Bir dönüm noktası iklim raporu, 2050 yılına kadar kıyı bölgelerinde yaşayan bir buçuk milyon Avustralyalı, 2050 yılına kadar yükselen deniz seviyelerinden danger altında.
Avustralya’nın ilk ulusal iklim riski değerlendirmesi, sel, siklonlar, ısı dalgaları, kuraklıklar ve orman yangınları gibi daha sık ve şiddetli iklim tehlikelerini öngördü.
İklim değişikliği bakanı Chris Bowen, “Avustralyalılar bugün iklim değişikliğinin sonuçlarıyla yaşıyorlar.
Rapor, 1.5C’nin üzerinde, 2C’nin üzerinde ve 3C’nin üzerinde üç küresel ısınma senaryosuna baktı.
Avustralya – kişi başına dünyanın en büyük kirleticilerinden biri – Raporda, 3C’de Sydney’deki ısı ile ilgili ölümlerin Melbourne’da% 400’den fazla ve neredeyse üç katına çıkabileceğini belirtti.
72 sayfalık Rapor – Hükümetin 2035 için emisyon azaltma hedeflerini açıklamasından günler önce yayınlandı – hiçbir Avustralya topluluğunun “basamaklı, bileşik ve eşzamanlı” olacak iklim risklerinden bağışık olmayacağını tespit etti.
Daha fazla ısı dalgası ile ilgili ölümler, şiddetli sel ve orman yangınları nedeniyle daha zayıf su kalitesi ve mülk değerlerinin 611 milyar dolar (406 milyar dolar; 300 milyar £) düşmesi konusunda uyardı.
2050 yılına kadar rapor, Avustralya’da “yüksek ve çok yüksek riskli alanlarda” bulunan kıyı topluluklarının sayısının artacağını ve nüfus seviyelerinin mevcut seviyelerde kalması durumunda, bu 1,5 milyondan fazla insanın danger altında olacağı anlamına geliyor.
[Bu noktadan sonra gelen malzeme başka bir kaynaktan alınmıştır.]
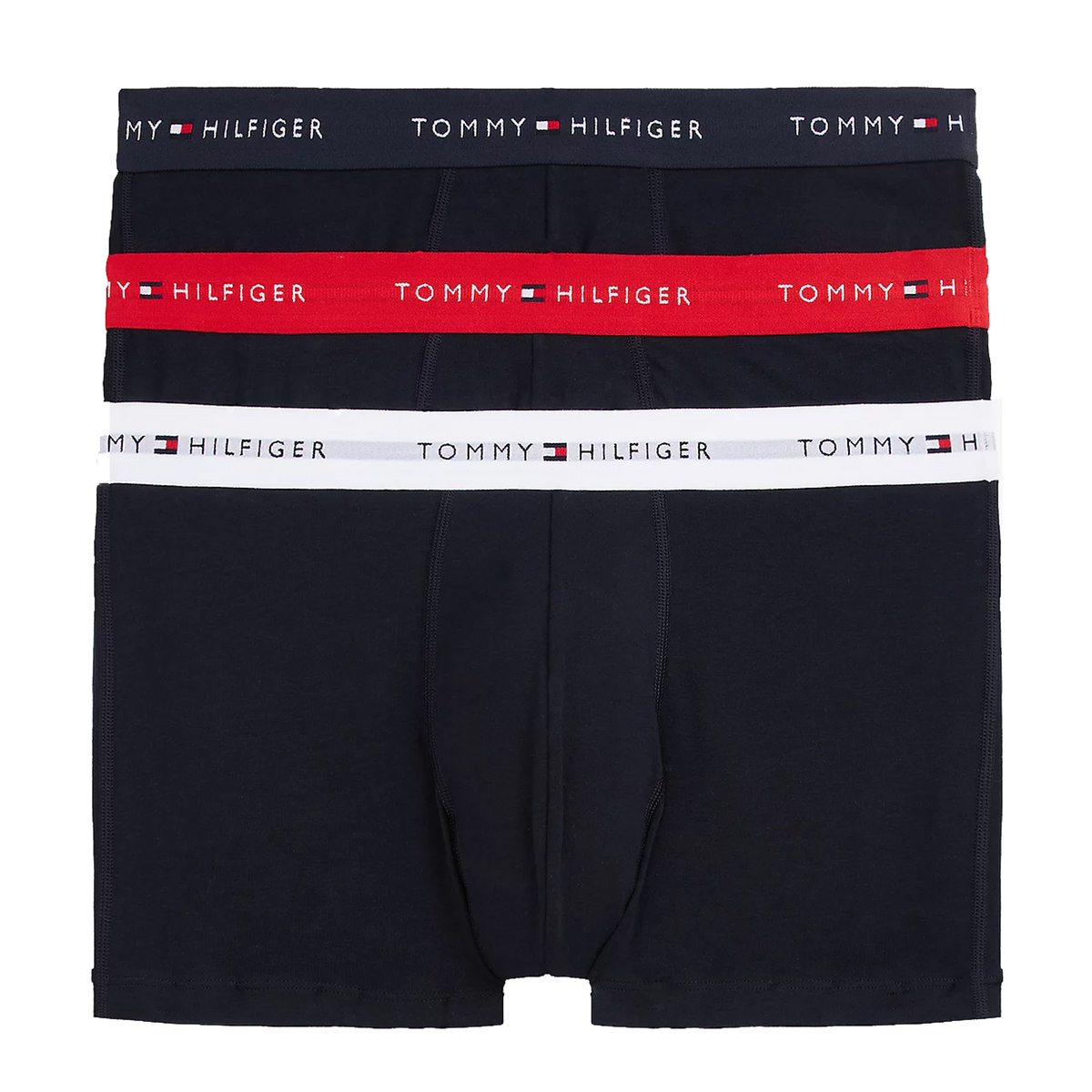 3-Pack Colour-Blocked Logo Trunks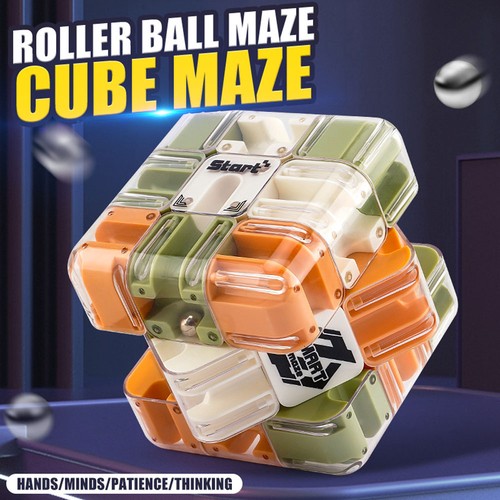 Puzzle maze cube large - maze, cube,large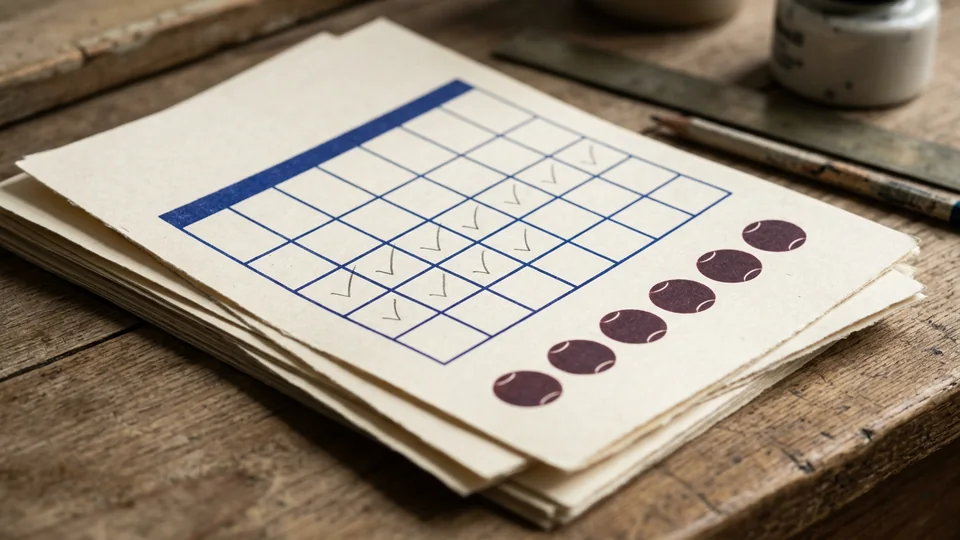 Lottery rules and historical results sheet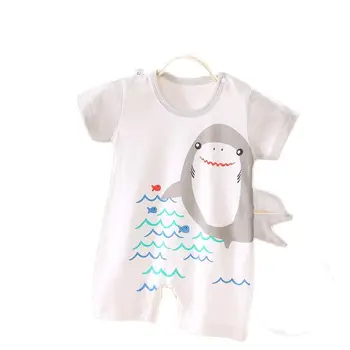 Одежда для новорожденных с динозаврами, комбинезон с короткими рукавами для мальчиков и девочек 0-2 лет, комбинезон для девочек, детская упаковочная одежда
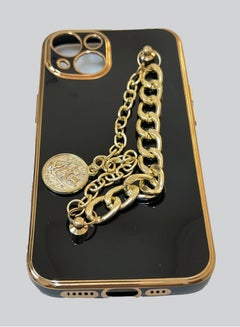 Buy A Modern Phone Cover For iPhone 13 With a Golden Chain Holder in UAE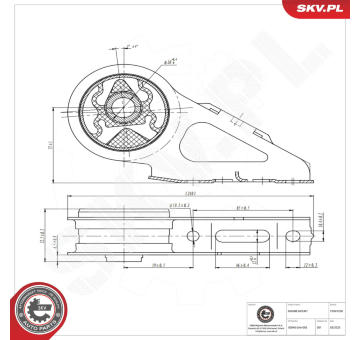 Ulożenie motora ESEN SKV 75SKV230
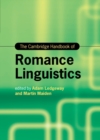 The Cambridge Handbook of Romance Linguistics - eBook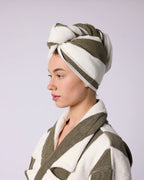 HOMMEY HAIR WRAP | MATCHA STRIPE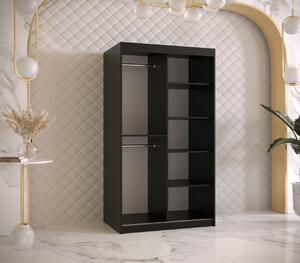 Prostorná skříň s posuvnými dveřmi SAVENA 2 - šířka 100 cm, černá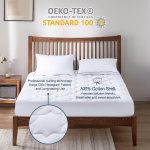Хлопковый наматрасник Cozylux, стеганый наматрасник с глубоким карманом — изображение 3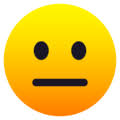 Emoji are special graphical symbols used to represent faces, emotions, objects, animals, food and other things in textual messages. Neutral Face Emoji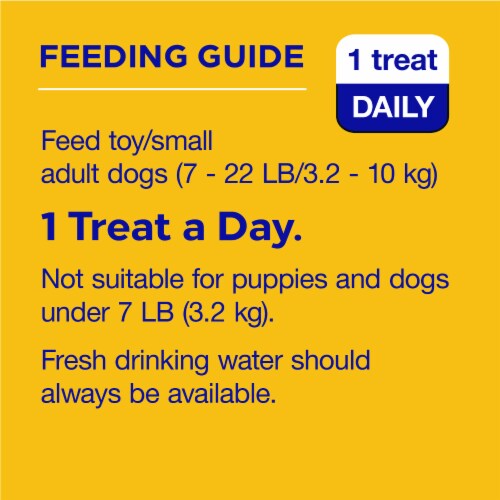 Pedigree Dentastix Adult Toy/Small Dog Dental Chew Dog Treats Beef Flavor Perspective: left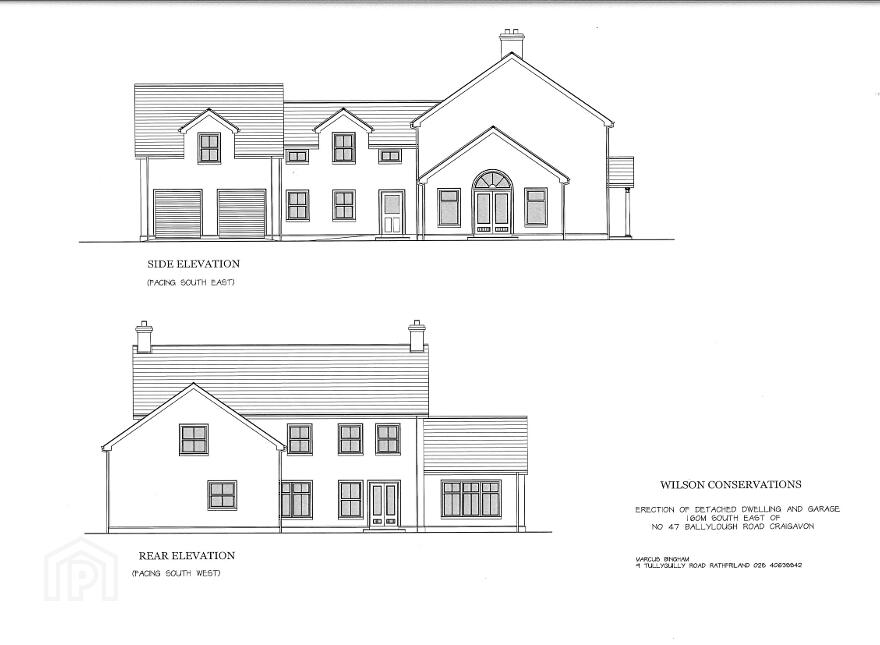 LOWFIELD HOUSE, 160m SE Of 47 Ballylough Road, Donaghcloney, Banbridge, BT66 7PQ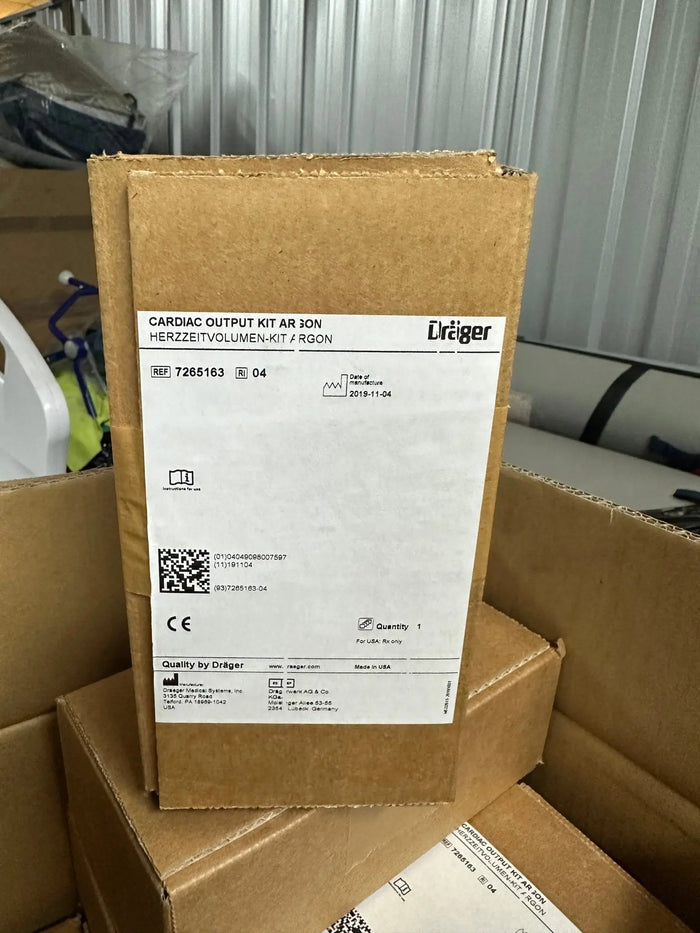 Drager Ref 7265163 Cardiac Output Kit (Manufactured 2019)-Brand New cardiac output monitoring kit SelfiMed UK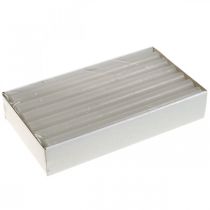 Artikel Stabkerzen durchgefärbt Hellgrau 21×240mm 12St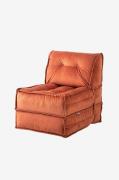 Hanah Home - Bäddsoffa med 1 sittplats Mocca - Röd - Bäddsoffor - Från...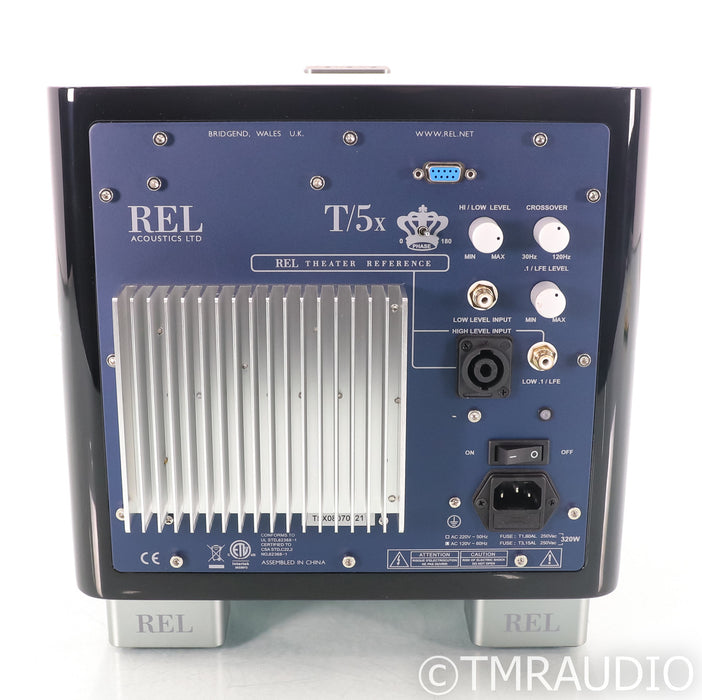 REL T/5x 8" Powered Subwoofer; Piano Black; T5X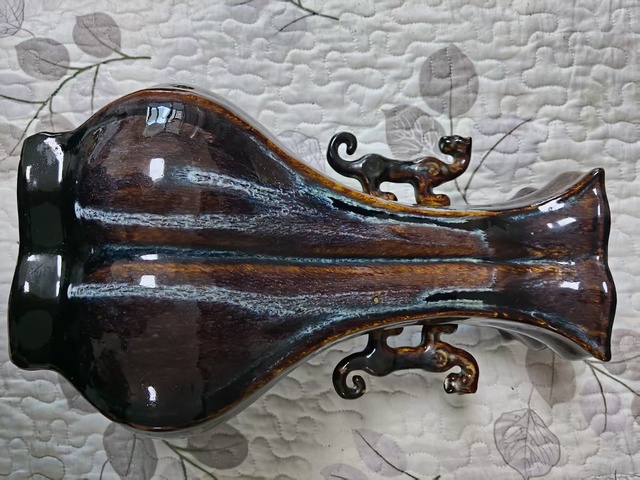 古玩陶瓷窯變釉瓶真品鑒賞圖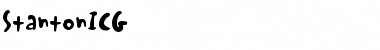 StantonICG Regular Font Title Preview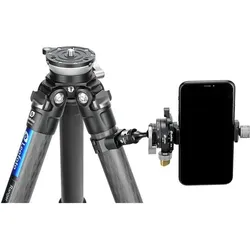Leofoto 25mm Multifunktionsklammer für Stativbein (Stativadapter), Stativ Zubehör, Schwarz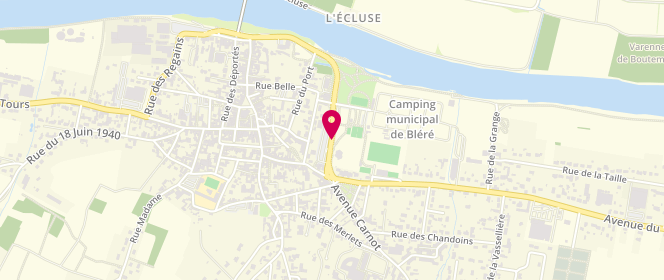 Plan de Piscine municipale, Avenue de l'Europe, 37150 Bléré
Raporda, Kuzey Avustralya’daki uzak topluluklar ve büyük şehirlerin dış banliyöleri ile birlikte özellikle danger altındaydı.
Raporda, “Bu, sağlık, kritik altyapı, doğal türler ve ekosistemler ve birincil endüstriler üzerinde baskı yapacak,” diye uyardı ve acil müdahale ekipleri için ekstra zorluklar yarattı.
Raporda ayrıca, Queensland’daki Büyük Bariyer Resif ve Batı Avustralya’daki Ningaloo Resif gibi mercan resiflerinin – her ikisi de rekor ağartma olayları tarafından vurulduğunu – daha sıcak okyanuslar nedeniyle daha yüksek “ağartma ve biyolojik çeşitlilik kaybı” riskleriyle karşılaşacağı tespit etti.
Bowen, “Bu iklim değerlendirmesinden çok açık olan bir şey, tüm ülkemizin tehlikede olması.” Dedi. “Hareketsizlik maliyeti her zaman eylem maliyetinden daha ağır basacaktır.”
Rapora yanıt olarak hükümet, Bowen’e göre, federal, eyalet ve yerel yönetimlerin iklim sorunlarını çözmek için birlikte nasıl çalışabileceğini ayrıntılı olarak açıklayan ulusal bir uyarlama planı yayınladı.
İklim politikası hakkında tavsiyelerde bulunan bedene atıfta bulunarak, “Ayrıca Bağımsız İklim Değişikliği Otoritesi’nden tavsiyelerle bilgilendirilen iddialı ve ulaşılabilir bir 2035 hedefi de belirleyeceğiz” dedi.
Avustralya, 2030 yılına kadar emisyonları% 43 oranında azaltma sözü verdi, ancak fosil yakıtlara sürekli güvenmesi nedeniyle eleştiriliyor.
İklim Konseyi İcra Kurulu Başkanı Amanda McKenzie, raporun bulgularının korkunç olduğunu ve hükümete daha yüksek emisyon kesintileri yapmaya çağırdığını söyledi.
Kar amacı gütmeyen başkanı, “Avustralya, kendi hükümet verilerimiz katastrofik eylemsizlik maliyetlerini gösterdiğinde, Avustralya daha ürkek bir 2035 hedefini karşılayamaz.” Dedi.
“İhtiyacımız olan iklim kirliliğine derin ve sürekli kesintileri ne kadar uzun süre geciktirirsek, toplulukları artan ısı dalgaları, sel ve orman yangını havalarından korumak o kadar zor olur.”